- Description of the task
Please repeat every entry that follows, keeping each one exactly the same.
=== Records for processing ===
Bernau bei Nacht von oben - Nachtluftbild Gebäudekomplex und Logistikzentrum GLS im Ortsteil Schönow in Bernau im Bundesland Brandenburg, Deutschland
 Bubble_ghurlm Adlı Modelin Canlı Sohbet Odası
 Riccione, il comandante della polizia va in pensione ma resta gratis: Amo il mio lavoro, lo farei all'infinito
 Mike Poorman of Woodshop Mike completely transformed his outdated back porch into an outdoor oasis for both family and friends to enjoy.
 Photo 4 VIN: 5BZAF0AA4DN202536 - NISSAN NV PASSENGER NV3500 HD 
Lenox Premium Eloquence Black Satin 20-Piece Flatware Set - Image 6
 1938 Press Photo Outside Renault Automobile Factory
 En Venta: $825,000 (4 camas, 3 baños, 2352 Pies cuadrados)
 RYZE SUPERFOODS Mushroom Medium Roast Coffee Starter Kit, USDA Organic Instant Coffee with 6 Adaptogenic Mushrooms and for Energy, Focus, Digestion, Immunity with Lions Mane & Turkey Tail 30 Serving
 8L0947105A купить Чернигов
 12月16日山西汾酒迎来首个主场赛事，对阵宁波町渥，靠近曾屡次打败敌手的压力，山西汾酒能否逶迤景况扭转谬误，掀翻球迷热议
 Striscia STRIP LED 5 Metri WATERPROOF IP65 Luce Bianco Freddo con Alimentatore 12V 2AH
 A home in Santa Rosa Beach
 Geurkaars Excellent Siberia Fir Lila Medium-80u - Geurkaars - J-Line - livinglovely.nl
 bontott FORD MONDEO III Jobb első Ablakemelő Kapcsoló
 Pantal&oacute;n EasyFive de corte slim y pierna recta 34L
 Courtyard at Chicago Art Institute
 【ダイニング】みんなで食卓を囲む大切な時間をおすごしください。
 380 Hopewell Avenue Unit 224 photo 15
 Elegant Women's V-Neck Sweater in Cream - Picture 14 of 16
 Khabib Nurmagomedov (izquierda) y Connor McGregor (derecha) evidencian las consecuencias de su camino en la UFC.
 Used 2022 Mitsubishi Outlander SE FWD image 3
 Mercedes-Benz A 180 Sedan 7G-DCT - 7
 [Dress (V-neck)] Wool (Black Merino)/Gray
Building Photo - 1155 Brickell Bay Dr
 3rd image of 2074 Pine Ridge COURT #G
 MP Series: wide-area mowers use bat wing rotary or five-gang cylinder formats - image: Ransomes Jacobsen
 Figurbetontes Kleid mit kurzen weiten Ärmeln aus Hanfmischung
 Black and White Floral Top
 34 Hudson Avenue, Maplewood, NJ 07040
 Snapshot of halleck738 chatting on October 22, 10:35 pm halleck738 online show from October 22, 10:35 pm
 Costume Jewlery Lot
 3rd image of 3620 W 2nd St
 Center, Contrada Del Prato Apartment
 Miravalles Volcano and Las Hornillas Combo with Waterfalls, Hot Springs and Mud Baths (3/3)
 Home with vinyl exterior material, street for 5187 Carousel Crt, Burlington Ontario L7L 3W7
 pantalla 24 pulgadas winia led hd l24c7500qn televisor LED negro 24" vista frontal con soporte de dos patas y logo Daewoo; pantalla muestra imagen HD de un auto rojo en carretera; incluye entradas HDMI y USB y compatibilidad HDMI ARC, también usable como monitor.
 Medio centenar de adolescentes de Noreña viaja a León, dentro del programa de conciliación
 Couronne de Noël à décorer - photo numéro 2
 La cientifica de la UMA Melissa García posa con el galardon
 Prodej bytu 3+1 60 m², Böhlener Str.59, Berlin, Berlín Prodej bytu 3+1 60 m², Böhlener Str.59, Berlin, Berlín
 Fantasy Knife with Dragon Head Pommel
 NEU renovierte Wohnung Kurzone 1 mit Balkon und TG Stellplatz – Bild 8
===
- Output for this exercise
Bernau bei Nacht von oben - Nachtluftbild Gebäudekomplex und Logistikzentrum GLS im Ortsteil Schönow in Bernau im Bundesland Brandenburg, Deutschland
 Bubble_ghurlm Adlı Modelin Canlı Sohbet Odası
 Riccione, il comandante della polizia va in pensione ma resta gratis: Amo il mio lavoro, lo farei all'infinito
 Mike Poorman of Woodshop Mike completely transformed his outdated back porch into an outdoor oasis for both family and friends to enjoy.
 Photo 4 VIN: 5BZAF0AA4DN202536 - NISSAN NV PASSENGER NV3500 HD 
Lenox Premium Eloquence Black Satin 20-Piece Flatware Set - Image 6
 1938 Press Photo Outside Renault Automobile Factory
 En Venta: $825,000 (4 camas, 3 baños, 2352 Pies cuadrados)
 RYZE SUPERFOODS Mushroom Medium Roast Coffee Starter Kit, USDA Organic Instant Coffee with 6 Adaptogenic Mushrooms and for Energy, Focus, Digestion, Immunity with Lions Mane & Turkey Tail 30 Serving
 8L0947105A купить Чернигов
 12月16日山西汾酒迎来首个主场赛事，对阵宁波町渥，靠近曾屡次打败敌手的压力，山西汾酒能否逶迤景况扭转谬误，掀翻球迷热议
 Striscia STRIP LED 5 Metri WATERPROOF IP65 Luce Bianco Freddo con Alimentatore 12V 2AH
 A home in Santa Rosa Beach
 Geurkaars Excellent Siberia Fir Lila Medium-80u - Geurkaars - J-Line - livinglovely.nl
 bontott FORD MONDEO III Jobb első Ablakemelő Kapcsoló
 Pantal&oacute;n EasyFive de corte slim y pierna recta 34L
 Courtyard at Chicago Art Institute
 【ダイニング】みんなで食卓を囲む大切な時間をおすごしください。
 380 Hopewell Avenue Unit 224 photo 15
 Elegant Women's V-Neck Sweater in Cream - Picture 14 of 16
 Khabib Nurmagomedov (izquierda) y Connor McGregor (derecha) evidencian las consecuencias de su camino en la UFC.
 Used 2022 Mitsubishi Outlander SE FWD image 3
 Mercedes-Benz A 180 Sedan 7G-DCT - 7
 [Dress (V-neck)] Wool (Black Merino)/Gray
Building Photo - 1155 Brickell Bay Dr
 3rd image of 2074 Pine Ridge COURT #G
 MP Series: wide-area mowers use bat wing rotary or five-gang cylinder formats - image: Ransomes Jacobsen
 Figurbetontes Kleid mit kurzen weiten Ärmeln aus Hanfmischung
 Black and White Floral Top
 34 Hudson Avenue, Maplewood, NJ 07040
 Snapshot of halleck738 chatting on October 22, 10:35 pm halleck738 online show from October 22, 10:35 pm
 Costume Jewlery Lot
 3rd image of 3620 W 2nd St
 Center, Contrada Del Prato Apartment
 Miravalles Volcano and Las Hornillas Combo with Waterfalls, Hot Springs and Mud Baths (3/3)
 Home with vinyl exterior material, street for 5187 Carousel Crt, Burlington Ontario L7L 3W7
 pantalla 24 pulgadas winia led hd l24c7500qn televisor LED negro 24" vista frontal con soporte de dos patas y logo Daewoo; pantalla muestra imagen HD de un auto rojo en carretera; incluye entradas HDMI y USB y compatibilidad HDMI ARC, también usable como monitor.
 Medio centenar de adolescentes de Noreña viaja a León, dentro del programa de conciliación
 Couronne de Noël à décorer - photo numéro 2
 La cientifica de la UMA Melissa García posa con el galardon
 Prodej bytu 3+1 60 m², Böhlener Str.59, Berlin, Berlín Prodej bytu 3+1 60 m², Böhlener Str.59, Berlin, Berlín
 Fantasy Knife with Dragon Head Pommel
 NEU renovierte Wohnung Kurzone 1 mit Balkon und TG Stellplatz – Bild 8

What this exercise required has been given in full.